In which case the number of query results is one.
(2) While the set of inline keywords for each article is unique, a subset of this set is not unique. For example: the current set of inline keywords of an article is { A, B, C, D, E }, which is unique among the set of inline keywords of the article, but the subset { A, C, D } of which is not unique, since this subset may also be a subset of the set of inline keywords of other articles.

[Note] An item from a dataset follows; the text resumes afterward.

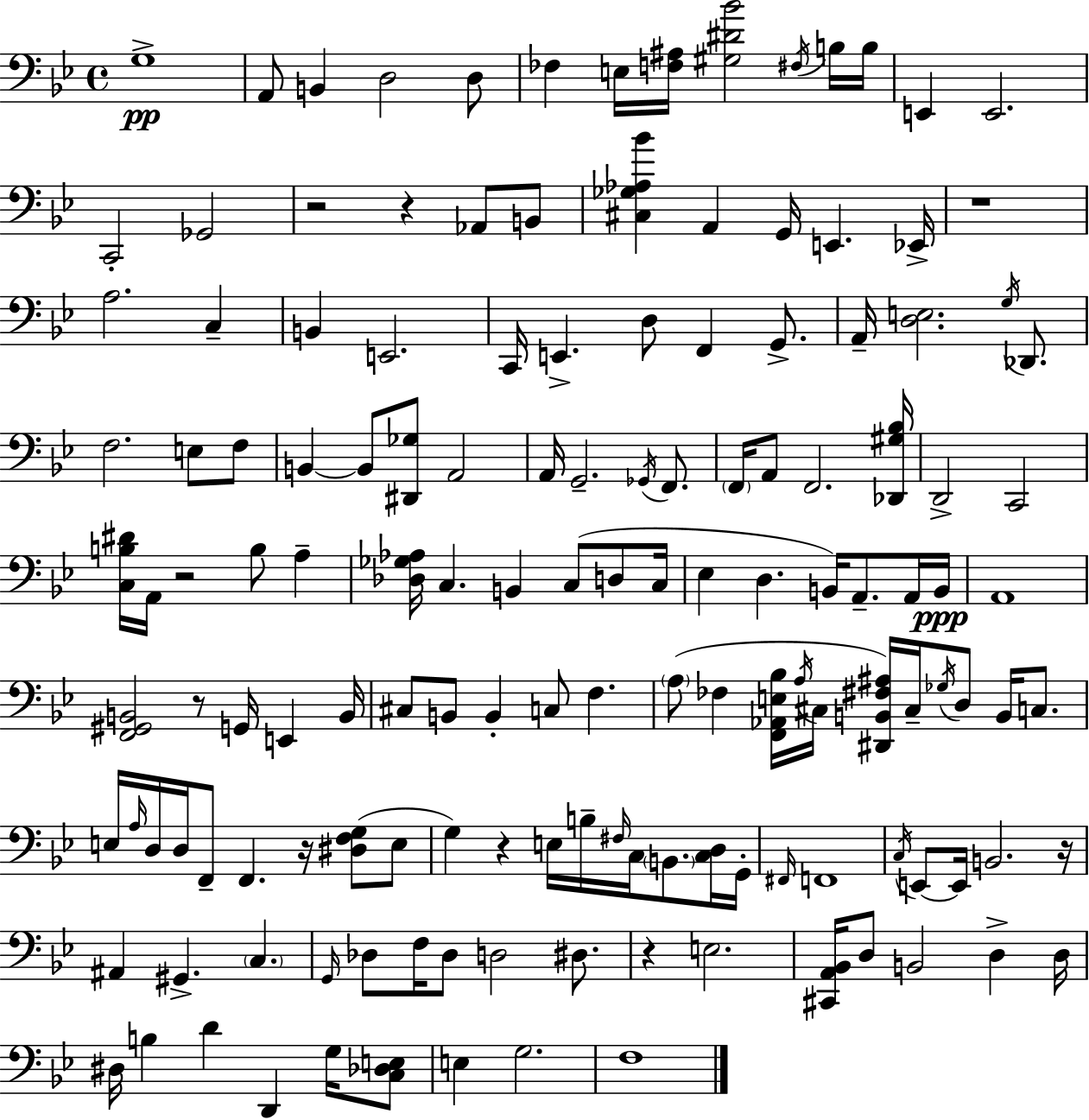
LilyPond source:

For example, if the first keyword set input by the user is { a, C, D }, the articles corresponding to the first keyword set may be multiple, i.e., not point to a single article, i.e., the number of query results is multiple.
In summary, when the number of the query results corresponding to the first keyword set is not the first preset value, for example, is not one, the next group of keyword sets is determined, that is, the second keyword set is determined according to the first index information and the first corresponding relationship.
The first corresponding relation refers to the corresponding relation between the first index information and second index information corresponding to the second keyword set, the second index information is obtained according to indexes corresponding to all keywords in the second keyword set, and the calculation mode of the second index information is the same as that of the first index information.
The first correspondence may be represented, for example, by table 2 below:
TABLE 2
According to the first index information and the first corresponding relation, second index information corresponding to the first index information can be obtained, and then according to the second index information, a next group of keyword sets corresponding to the first keyword sets, namely a second keyword set, can be obtained.
For example, the set of keywords entered by the current user is a subset of the set of inline keywords of an article, and the next set of keyword sets, i.e., the second set of keywords, may contain keywords in the article that are not present in the set of keywords entered by the current user. For example, the following steps are carried out: if the set of inline keywords of the Article1 is { a, C, B, D } and the set of keywords currently entered by the user is { a, B }, then { C, D } may be included in the second set of keywords.
103, determining a target query result corresponding to the second keyword set according to the second keyword set and the second corresponding relation; the second correspondence includes: and the corresponding relation between the index information and the index value of the query result.
Specifically, the second correspondence is a correspondence between index information corresponding to the keyword set and an index value of the query result. For example as shown in table 3 below:
TABLE 3
If the unique query result cannot be determined according to the second keyword set, the scheme ofstep 102 and step 103 may be repeatedly executed to determine a next keyword set, and then query the articles corresponding to the next keyword set until the unique target article, that is, the unique target query result, is queried.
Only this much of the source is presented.